Directions for this task ->
Look through the entries that follow and return each line that has the string "Bohemian".

Data excerpts
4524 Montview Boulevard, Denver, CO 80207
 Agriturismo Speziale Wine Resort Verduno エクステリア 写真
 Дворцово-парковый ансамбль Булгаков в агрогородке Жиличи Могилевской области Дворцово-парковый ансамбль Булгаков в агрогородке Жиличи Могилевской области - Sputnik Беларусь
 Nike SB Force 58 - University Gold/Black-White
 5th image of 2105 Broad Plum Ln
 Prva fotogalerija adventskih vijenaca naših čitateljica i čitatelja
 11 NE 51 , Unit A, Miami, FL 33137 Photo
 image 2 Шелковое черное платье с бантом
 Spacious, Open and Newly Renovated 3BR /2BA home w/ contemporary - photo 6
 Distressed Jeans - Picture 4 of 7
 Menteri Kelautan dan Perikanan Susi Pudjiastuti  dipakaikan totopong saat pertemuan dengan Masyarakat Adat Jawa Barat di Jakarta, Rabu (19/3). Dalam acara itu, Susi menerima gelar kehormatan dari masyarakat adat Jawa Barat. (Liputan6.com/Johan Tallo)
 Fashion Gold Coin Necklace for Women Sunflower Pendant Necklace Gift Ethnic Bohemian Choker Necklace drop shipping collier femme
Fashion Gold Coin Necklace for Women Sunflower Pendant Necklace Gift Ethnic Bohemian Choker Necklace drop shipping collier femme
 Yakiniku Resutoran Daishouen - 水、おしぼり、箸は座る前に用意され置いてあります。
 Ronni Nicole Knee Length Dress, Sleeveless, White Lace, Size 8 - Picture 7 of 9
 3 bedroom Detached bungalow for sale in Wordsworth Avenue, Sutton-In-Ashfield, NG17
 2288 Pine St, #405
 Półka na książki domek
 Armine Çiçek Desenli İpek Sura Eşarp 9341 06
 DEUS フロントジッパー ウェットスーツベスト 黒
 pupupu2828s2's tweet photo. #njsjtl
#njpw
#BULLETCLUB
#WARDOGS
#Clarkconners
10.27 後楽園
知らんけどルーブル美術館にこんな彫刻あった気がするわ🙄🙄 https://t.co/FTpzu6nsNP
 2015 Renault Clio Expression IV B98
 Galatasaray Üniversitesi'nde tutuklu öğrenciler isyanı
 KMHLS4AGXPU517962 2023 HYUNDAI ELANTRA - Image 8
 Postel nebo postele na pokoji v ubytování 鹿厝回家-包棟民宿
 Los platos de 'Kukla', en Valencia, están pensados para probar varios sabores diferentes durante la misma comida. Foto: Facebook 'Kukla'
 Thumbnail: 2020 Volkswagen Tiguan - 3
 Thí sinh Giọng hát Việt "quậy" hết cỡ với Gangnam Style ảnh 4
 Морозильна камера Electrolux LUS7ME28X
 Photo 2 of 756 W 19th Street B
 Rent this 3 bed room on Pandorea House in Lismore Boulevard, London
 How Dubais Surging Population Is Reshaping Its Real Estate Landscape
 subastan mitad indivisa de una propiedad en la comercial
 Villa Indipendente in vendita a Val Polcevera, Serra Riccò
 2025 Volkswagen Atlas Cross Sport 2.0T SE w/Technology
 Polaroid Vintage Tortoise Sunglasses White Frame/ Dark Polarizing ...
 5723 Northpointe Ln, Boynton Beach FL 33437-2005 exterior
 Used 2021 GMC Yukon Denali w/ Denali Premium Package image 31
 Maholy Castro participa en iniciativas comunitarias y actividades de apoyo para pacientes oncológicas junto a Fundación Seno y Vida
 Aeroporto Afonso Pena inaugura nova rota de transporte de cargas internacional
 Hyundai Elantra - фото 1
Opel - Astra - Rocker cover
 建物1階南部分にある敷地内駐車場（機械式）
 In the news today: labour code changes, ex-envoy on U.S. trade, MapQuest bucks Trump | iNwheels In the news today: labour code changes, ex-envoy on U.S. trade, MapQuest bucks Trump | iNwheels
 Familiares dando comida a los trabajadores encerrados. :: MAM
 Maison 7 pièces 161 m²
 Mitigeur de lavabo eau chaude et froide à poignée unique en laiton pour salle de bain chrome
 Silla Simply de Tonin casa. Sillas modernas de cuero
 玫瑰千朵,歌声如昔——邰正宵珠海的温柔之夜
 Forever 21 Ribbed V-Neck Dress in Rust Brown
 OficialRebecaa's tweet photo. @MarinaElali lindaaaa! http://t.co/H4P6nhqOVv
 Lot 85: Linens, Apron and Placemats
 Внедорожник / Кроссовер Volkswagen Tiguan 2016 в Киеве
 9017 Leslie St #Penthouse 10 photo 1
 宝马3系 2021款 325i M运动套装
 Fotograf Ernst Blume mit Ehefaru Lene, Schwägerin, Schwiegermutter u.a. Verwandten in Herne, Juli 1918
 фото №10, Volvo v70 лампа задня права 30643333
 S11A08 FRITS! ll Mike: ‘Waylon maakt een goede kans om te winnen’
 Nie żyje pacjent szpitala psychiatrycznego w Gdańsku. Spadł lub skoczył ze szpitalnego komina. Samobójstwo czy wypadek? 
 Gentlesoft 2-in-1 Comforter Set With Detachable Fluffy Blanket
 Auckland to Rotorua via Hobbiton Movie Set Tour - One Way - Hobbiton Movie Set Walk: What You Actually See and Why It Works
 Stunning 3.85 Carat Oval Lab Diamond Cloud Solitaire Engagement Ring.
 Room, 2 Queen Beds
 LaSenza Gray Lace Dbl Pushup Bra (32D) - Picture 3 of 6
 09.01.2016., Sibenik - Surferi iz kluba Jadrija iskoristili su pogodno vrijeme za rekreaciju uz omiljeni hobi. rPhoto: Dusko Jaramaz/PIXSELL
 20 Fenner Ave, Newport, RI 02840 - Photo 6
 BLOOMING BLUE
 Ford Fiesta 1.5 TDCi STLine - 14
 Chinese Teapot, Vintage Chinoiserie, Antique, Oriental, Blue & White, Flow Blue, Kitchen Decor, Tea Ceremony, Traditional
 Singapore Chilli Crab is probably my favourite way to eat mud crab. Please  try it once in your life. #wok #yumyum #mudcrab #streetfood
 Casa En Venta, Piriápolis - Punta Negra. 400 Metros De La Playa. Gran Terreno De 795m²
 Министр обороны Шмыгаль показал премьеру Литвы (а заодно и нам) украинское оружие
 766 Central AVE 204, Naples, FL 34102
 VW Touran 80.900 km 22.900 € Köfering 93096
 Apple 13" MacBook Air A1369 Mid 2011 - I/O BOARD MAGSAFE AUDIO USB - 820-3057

Result ->
 Fashion Gold Coin Necklace for Women Sunflower Pendant Necklace Gift Ethnic Bohemian Choker Necklace drop shipping collier femme
Fashion Gold Coin Necklace for Women Sunflower Pendant Necklace Gift Ethnic Bohemian Choker Necklace drop shipping collier femme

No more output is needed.